Qu’est-ce qu’on entendait par « avortement thérapeutique »?
C’était lorsqu’un docteur jugeait que la poursuite de la grossesse était trop risquée pour la santé de la mère.
Est-ce que les hôpitaux étaient nombreux à offrir ce service?
Non, la majorité des médecins étaient encore très conservateurs. Environ 90% des établissements refusaient de collaborer avec nous au début, et tranquillement, la pratique est devenue plus généralisée.
Et donc pour un grand nombre de femmes, la seule option était de se rendre à New York?
Exact. Nous avions rencontré une docteure qui acceptait d’effectuer de telles opérations. J’ai donc accompagné des centaines de femmes à New York. Les voyages étaient très difficiles pour ces dames qui arrivaient parfois de très loin en région. Nous partions tard le soir de Montréal, les avortements se faisaient les uns à la suite des autres, puis nous revenions tout de suite au Québec la journée même.
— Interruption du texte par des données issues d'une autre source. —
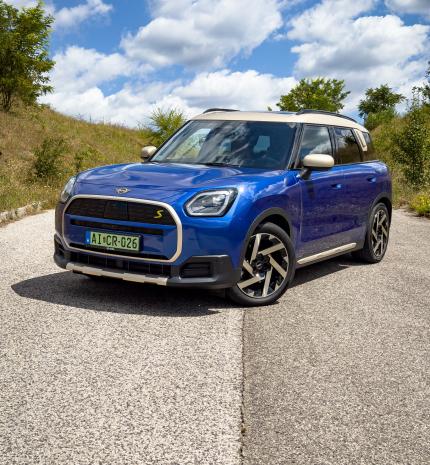 Autó & Motor - SUV, vidám és elektromos – Mini Countryman SE All4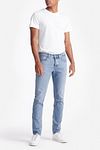 King Essentials The Jason Jeans Bleu Clair Model / Voorkant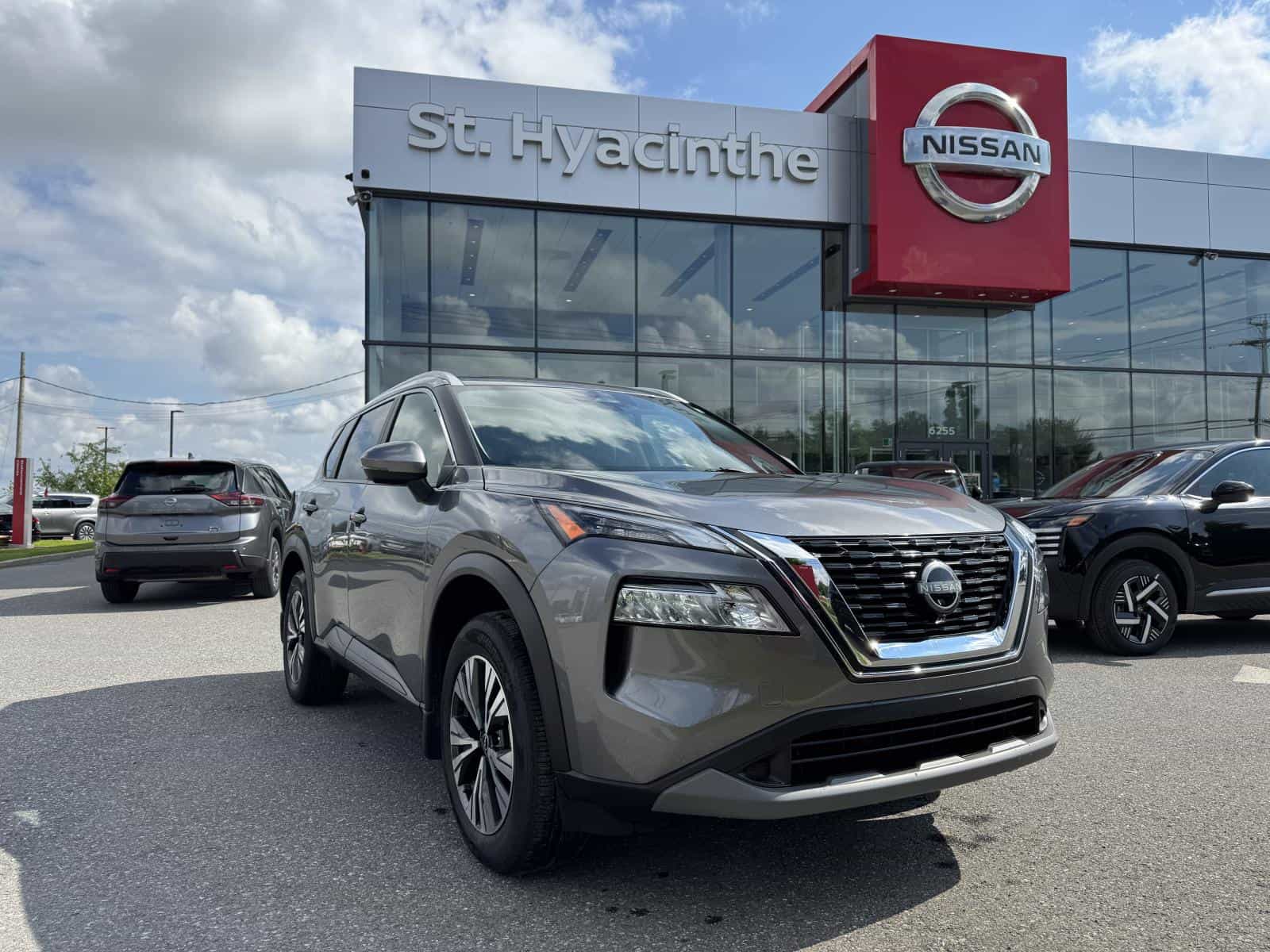 2023 Nissan Rogue SV Moonroof - Image 1
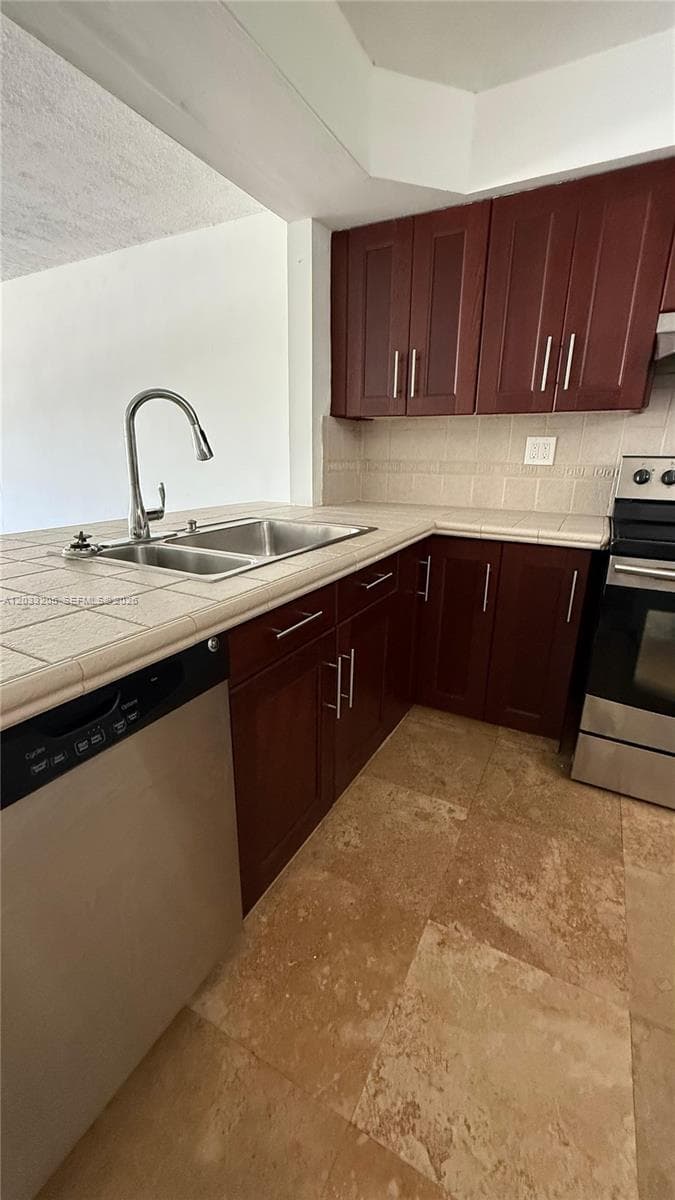 1400 NE 191st St # 310, Miami FL 33179 — 1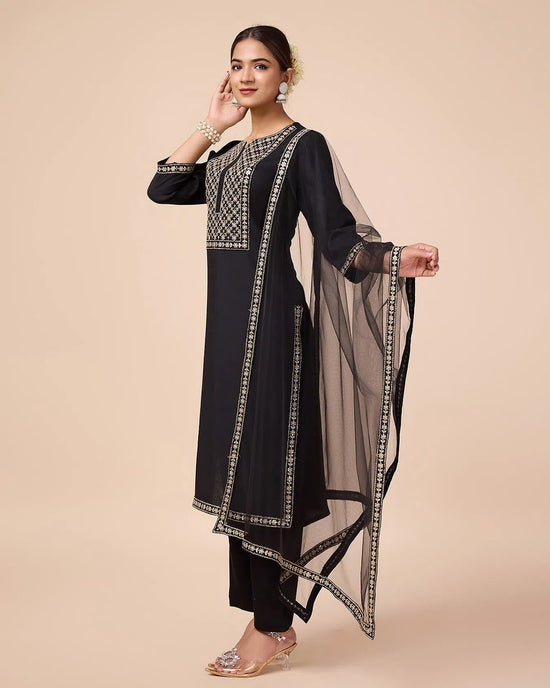 Avanshee Women's Latest Solid Embroidred Cotton Blend Kurta, Pant With Embroidred Dupatta Set-ES-7543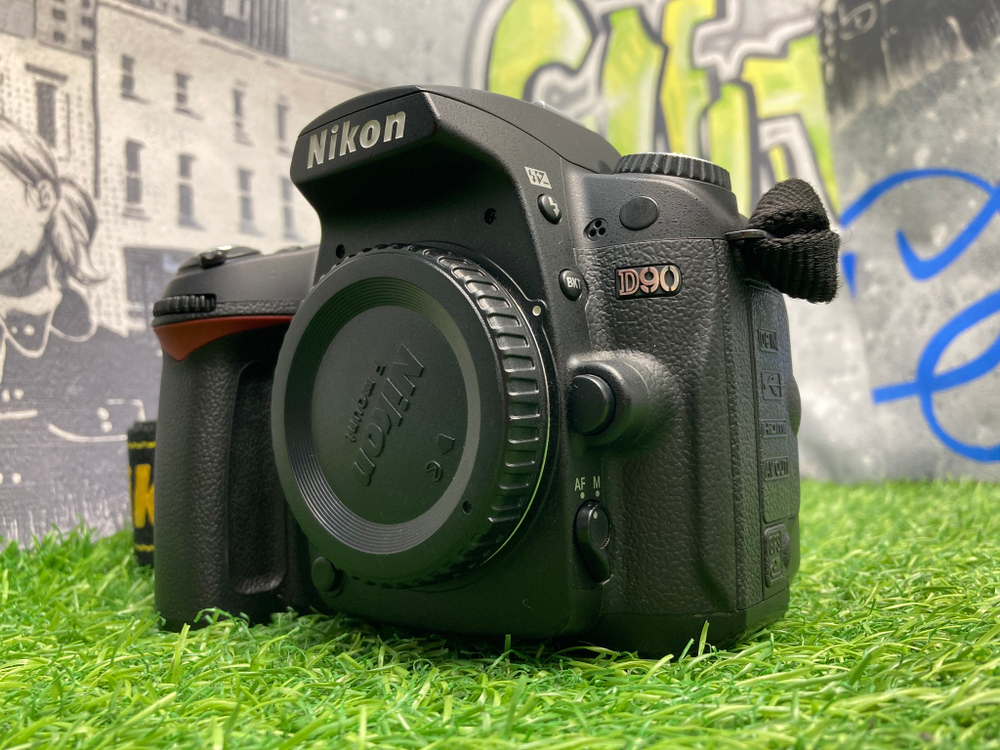 Nikon D90 9.300 кадров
Comment avez-vous vécu ces expériences?
C’était toujours émouvant. Ces femmes vivaient un drame, souvent à l’insu de leur mari, de leurs parents… aucune d’elles ne trouvaient qu’un tel choix était facile, mais c’était nécessaire dans leur situation. C’est autour de ce principe de la nécessité, un principe fondamental, que s’est articulé la défense du docteur Morgentaler.
Pouvez-vous nous en dire plus?
Le Dr Morgentaler était un féministe, mais c’était surtout un grand humaniste qui ne portait pas de jugement. Il connaissait la réalité des femmes qui avaient économisé les sous nécessaires et avaient eu le courage de venir à son bureau, il savait que c’était un geste réfléchi. Son avocat a utilisé cette défense de la nécessité pour faire valoir les actions de son client… Je me rappelle que Me Sheppard m’ait déjà dit : « j’ai eu une bonne cause, car j’ai un grand client. »
Comment avez-vous accueilli le jugement de la Cour suprême?
Ce fut une réelle célébration du droit des femmes. Mais ce droit est encore menacé. On se rappelle, il y a seulement 15 ans, l’affaire où Chantal Daigle s’est fait interdire le droit à l’avortement par la Cour d’appel à la suite des démarches de son ex-conjoint. Heureusement, ce jugement a été annulé par la Cour suprême.
Un exemple plus récent est celui du projet de loi C-338 des conservateurs de Stephen Harper, qui, en 2006, voulaient criminaliser les avortements pratiqués après la 20e semaine. Même s’il est infructueux, un tel projet nous rappelle de la fragilité de ce dossier.